For an instant Lachlan hesitated, and then at the look on
Carmichael's face he held out both his hands.
"This iss a goot day for me, and I bid you ten thousand welcomes."
But the minister took the first word.
"You and I, Lachlan, have not seen eye to eye about some things lately, and I am not here to argue which is nearer the truth, because perhaps we may always differ on some lesser matters. But once I spoke rudely to you, and often I have spoken unwisely in my sermons. You are an old man and I am a young, and I ask you to forgive me and to pray that both of us may be kept near the heart of our Lord, whom we love, and who loves us."
No man can be so courteous as a Celt, and Lachlan was of the pure
Highland breed, kindest of friends, fiercest of foes.

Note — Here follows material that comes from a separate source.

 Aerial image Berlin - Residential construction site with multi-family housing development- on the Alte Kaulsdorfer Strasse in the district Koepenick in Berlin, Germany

"You hef done a beautiful deed this day, Maister Carmichael; and the grace of God must hef been exceeding abundant in your heart. It iss this man that asks your forgiveness, for I wass full of pride, and did not speak to you as an old man should; but God iss my witness that I would hef plucked out my right eye for your sake. You will say every word God gives you, and I will take as much as God gives me, and there will be a covenant between us as long as we live."
They knelt together on the earthen floor of that Highland cottage, the old school and the new, before one Lord, and the only difference in their prayers was that the young man prayed they might keep the faith once delivered unto the saints, while the burden of the old man's prayer was that they might be led into all truth.
Lachlan's portion that evening ought to have been the slaying of Sisera from the Book of Judges, but instead he read, to Flora's amazement—it was the night before she left her home—the thirteenth chapter of I Corinthians, and twice he repeated to himself, "Now we see through a glass darkly, but then face to face."